Um tenista escondido na posição 753 do ranking ATP podia passar facilmente despercebido não tivesse sido descoberto por manipular os resultados de 135 jogos. O marroquino Younes Rachidi foi assim banido para sempre do ténis e multado em 34.000 dólares (os seus ganhos de carreira eram 53.102) em fevereiro. “Este foi o maior número de sempre de ofensas realizadas por um indivíduo a ser detetado”, referiu a Agência Internacional de Integridade no Ténis (ITIA).

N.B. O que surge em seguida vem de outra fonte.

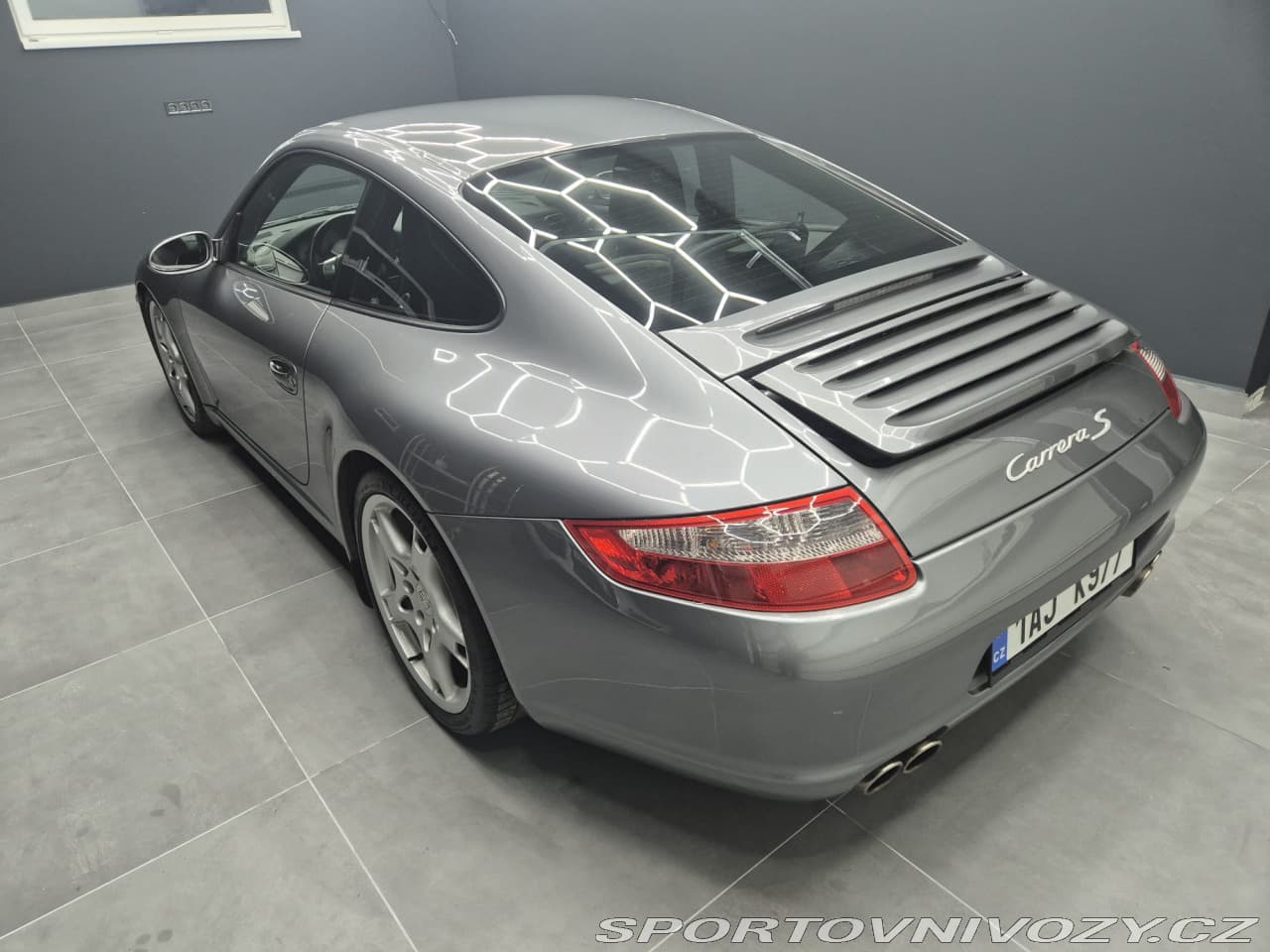 2005 Porsche 911 - 14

Uma lista com o comprimento de mais 84 nomes – entre eles os argelinos Mohamed Hassan e Houria Boukholda, que colaboraram com Rachidi no esquema – pode ser consultada no site da ITIA. À frente de cada um deles está a sanção aplicada pela violação do programa de anti-corrupção no ténis. Na maioria dos casos, a pena é o afastamento da modalidade para o resto da vida. A ITIA foi criada em 2021, sucedendo à Unidade de Integridade no Ténis que nasceu em 2008, e é um organismo legal independente com o poder de sancionar diretamente os jogadores. Até à criação da ITIA, as acusações podiam apenas ser recomendadas, evidenciando uma crescente preocupação com fenómenos que comprometem a integridade do ténis, tais como o match fixing.

Os objetivos do programa de anti-corrupção no ténis são “manter a integridade do ténis, proteger o desporto de quaisquer esforços para impactar indevidamente os resultados de qualquer partida e estabelecer uma regras uniformes e um esquema consistente de execução e sanções aplicável a todos os eventos de ténis profissional e a todos os órgãos diretivos”, como descreve o novo órgão criado há dois anos. No entanto, há um outro problema crescente e cada vez mais denunciado: o assédio através de ameaças após derrotas.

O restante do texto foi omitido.